:: TASK DETAILS ::
Exact copy, no pictures: return only the lines below from the line with "Lampa ELPLP91 do" up to and including the line with "Southern Utah University".

:: DATASET RECORDS ::
>>>
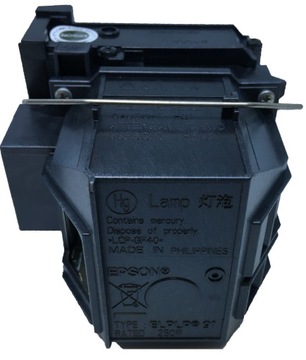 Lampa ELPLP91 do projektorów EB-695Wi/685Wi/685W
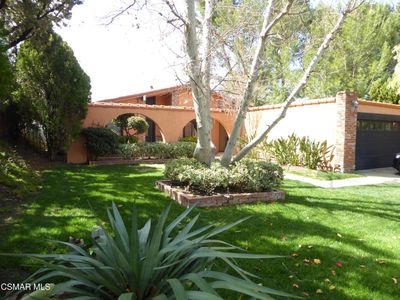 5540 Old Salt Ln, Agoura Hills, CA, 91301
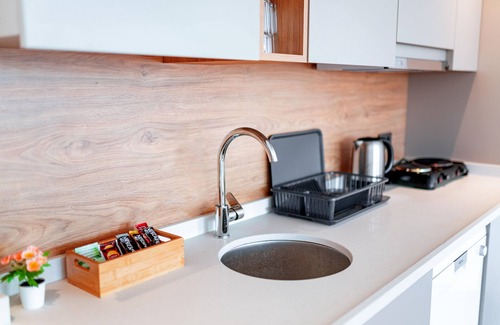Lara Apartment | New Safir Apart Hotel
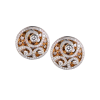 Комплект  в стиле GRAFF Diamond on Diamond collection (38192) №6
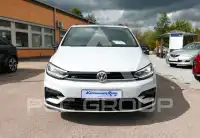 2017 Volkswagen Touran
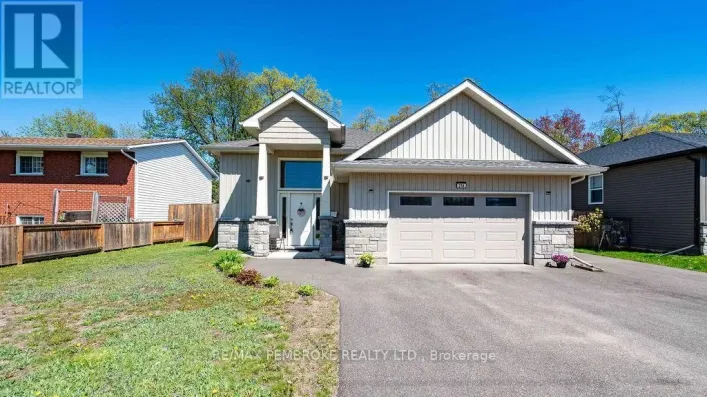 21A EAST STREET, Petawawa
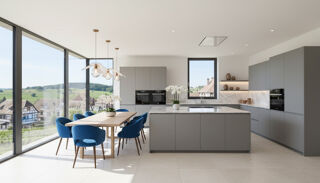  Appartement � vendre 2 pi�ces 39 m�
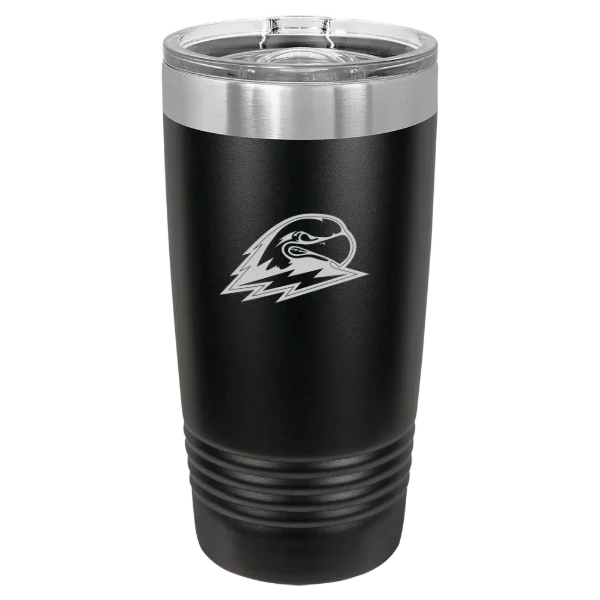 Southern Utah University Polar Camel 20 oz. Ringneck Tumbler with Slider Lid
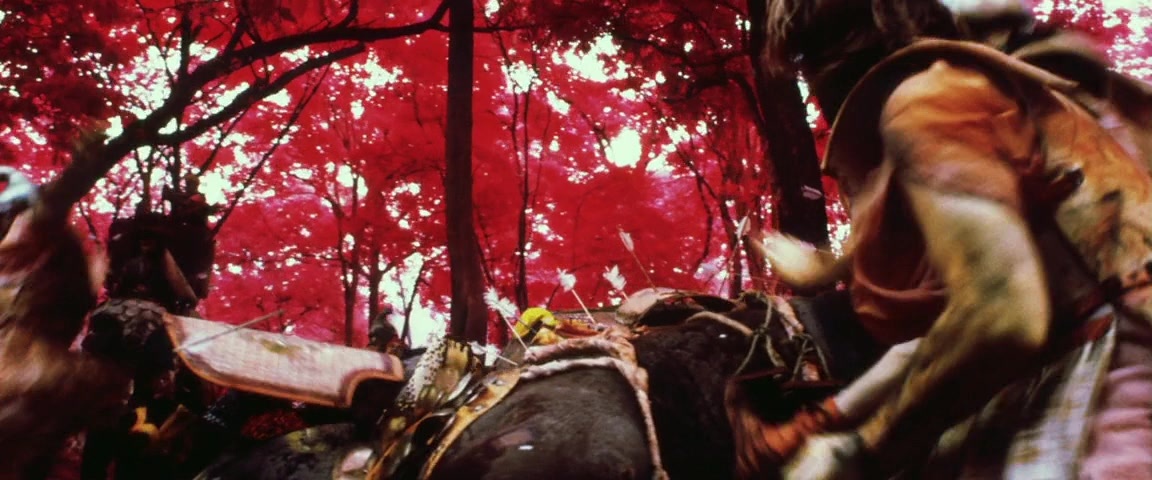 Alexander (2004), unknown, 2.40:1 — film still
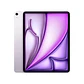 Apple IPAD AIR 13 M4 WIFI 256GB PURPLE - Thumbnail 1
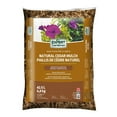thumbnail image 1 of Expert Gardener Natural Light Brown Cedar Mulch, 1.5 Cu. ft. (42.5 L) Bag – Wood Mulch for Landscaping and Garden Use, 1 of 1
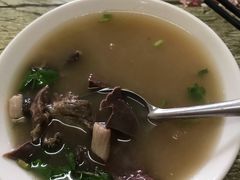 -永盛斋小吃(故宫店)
<<<
>>>
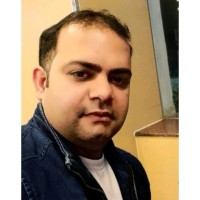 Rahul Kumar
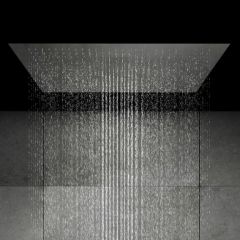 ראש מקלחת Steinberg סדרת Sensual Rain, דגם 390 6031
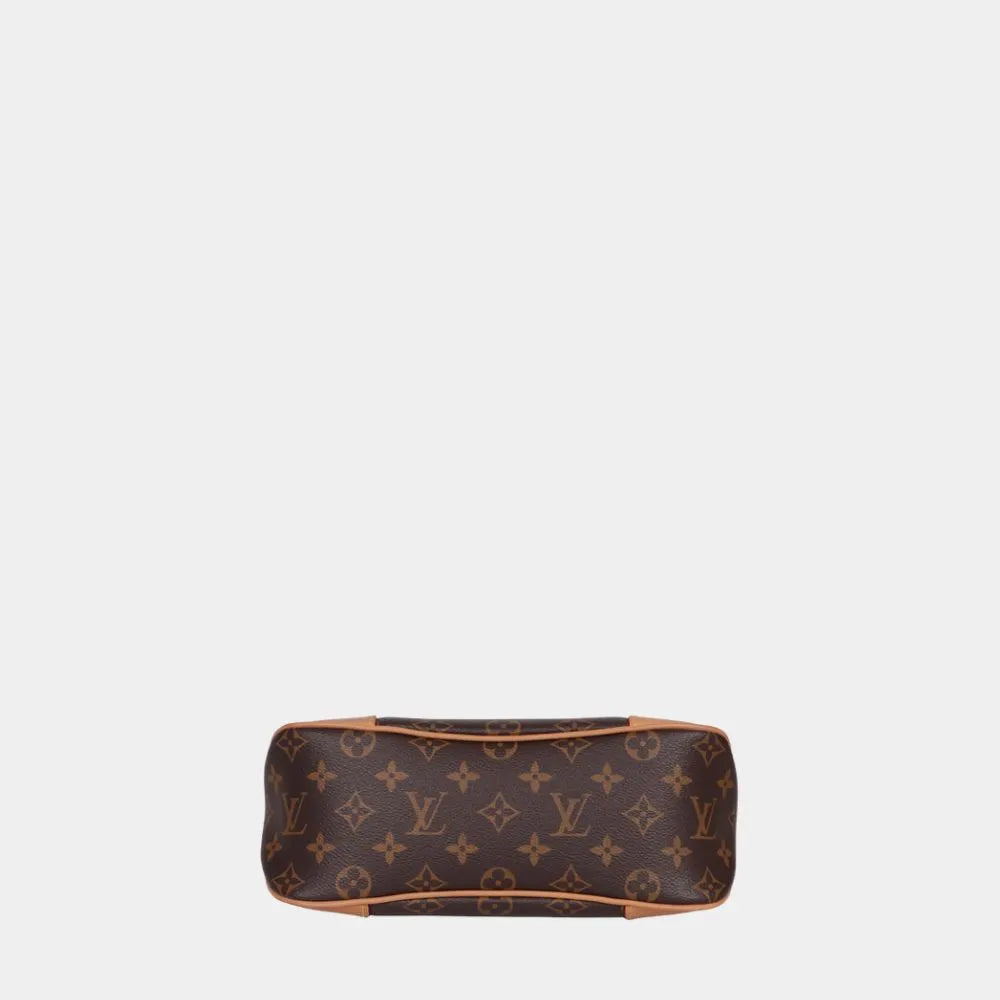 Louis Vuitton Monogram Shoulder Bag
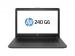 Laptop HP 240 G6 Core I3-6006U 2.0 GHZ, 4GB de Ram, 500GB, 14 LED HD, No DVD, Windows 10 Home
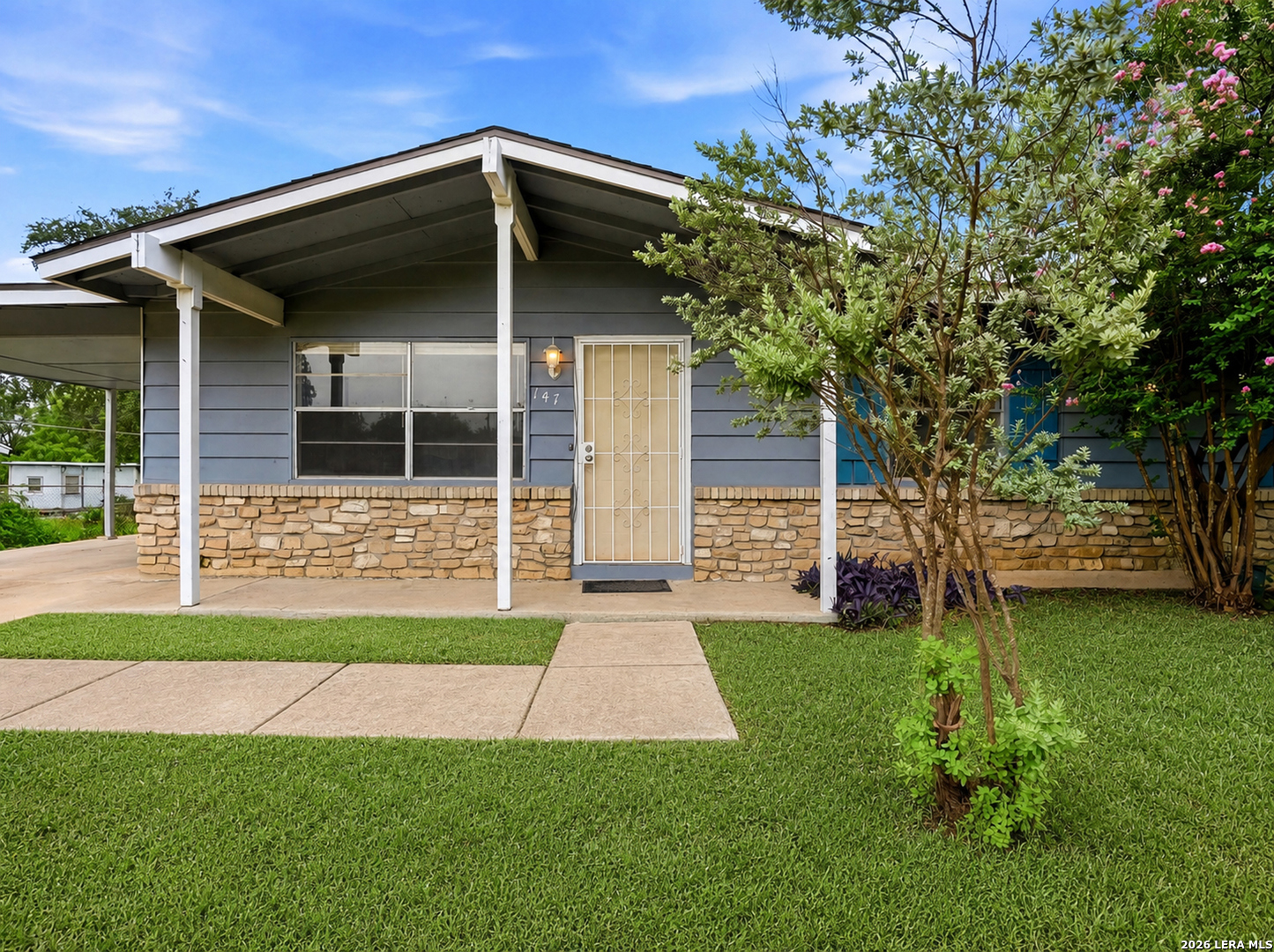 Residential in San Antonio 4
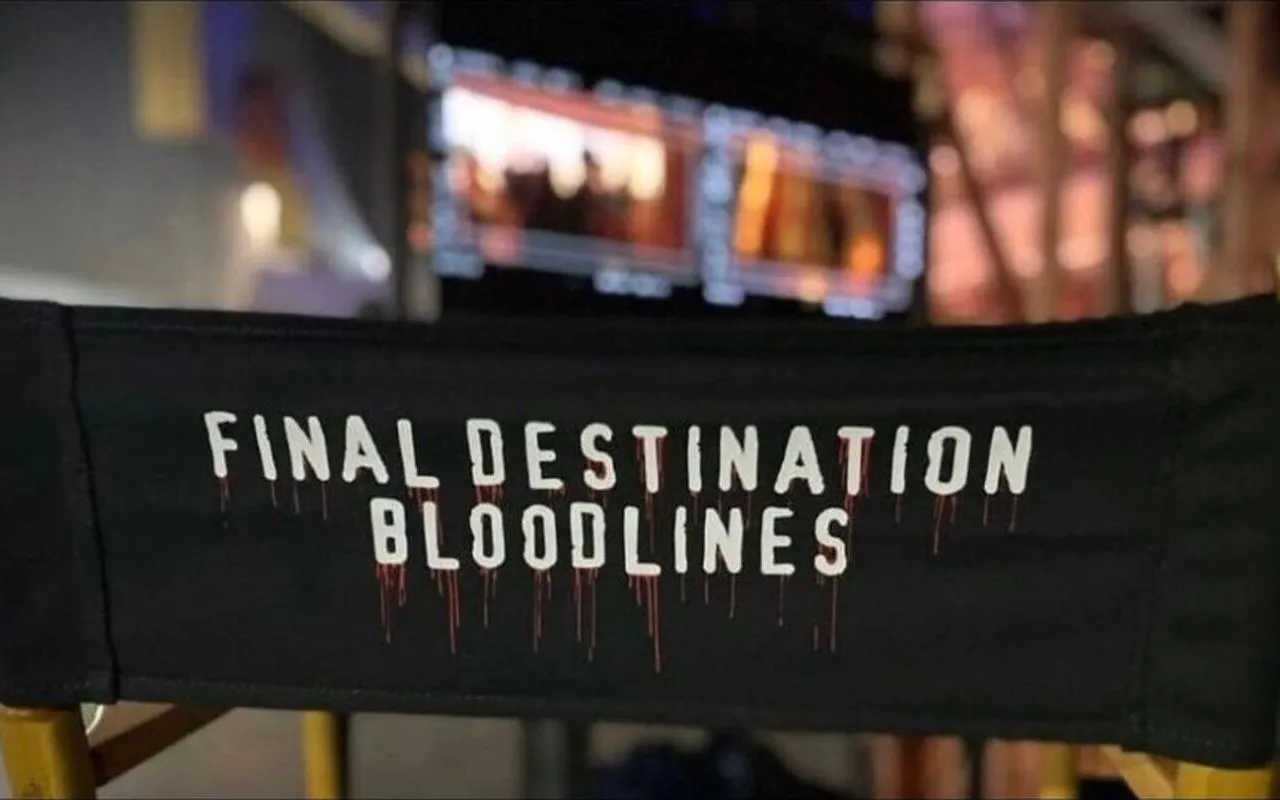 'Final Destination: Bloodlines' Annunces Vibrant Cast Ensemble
<<<
>>>
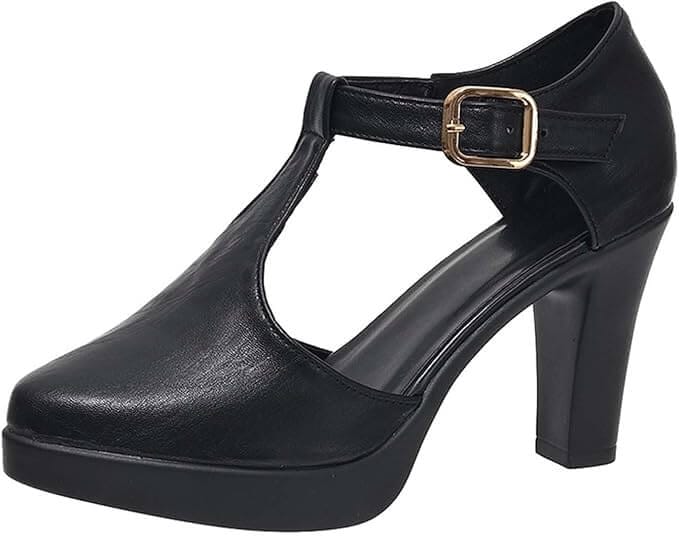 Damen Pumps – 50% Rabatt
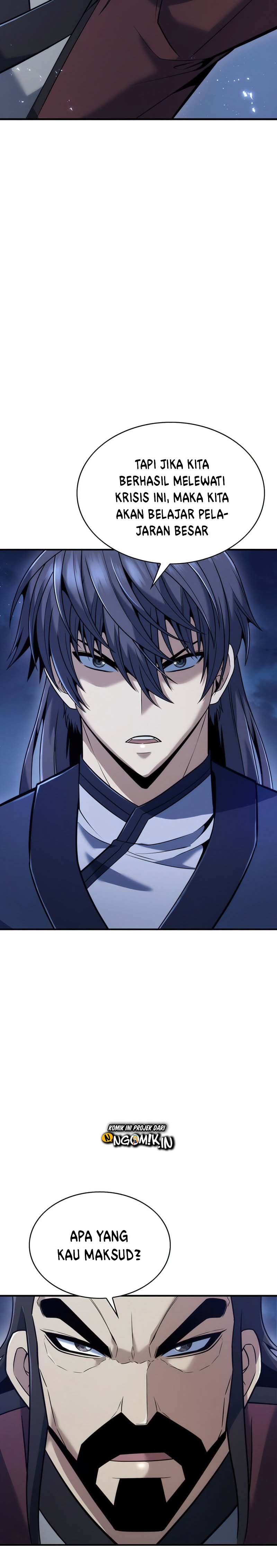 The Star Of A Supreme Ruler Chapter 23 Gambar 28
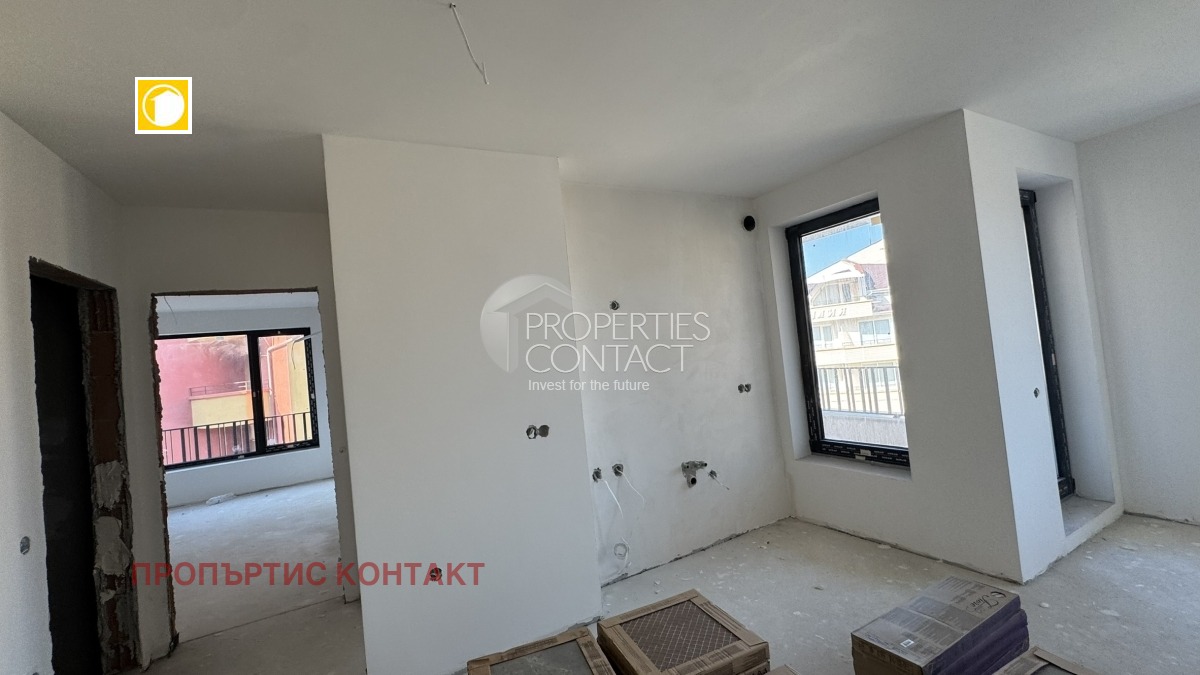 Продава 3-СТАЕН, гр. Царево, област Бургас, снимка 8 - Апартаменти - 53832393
<<<
:: FINISHED TASK ::
 Lampa ELPLP91 do projektorów EB-695Wi/685Wi/685W
 5540 Old Salt Ln, Agoura Hills, CA, 91301
Lara Apartment | New Safir Apart Hotel
 Комплект  в стиле GRAFF Diamond on Diamond collection (38192) №6
 2017 Volkswagen Touran
 21A EAST STREET, Petawawa
  Appartement � vendre 2 pi�ces 39 m�
 Southern Utah University Polar Camel 20 oz. Ringneck Tumbler with Slider Lid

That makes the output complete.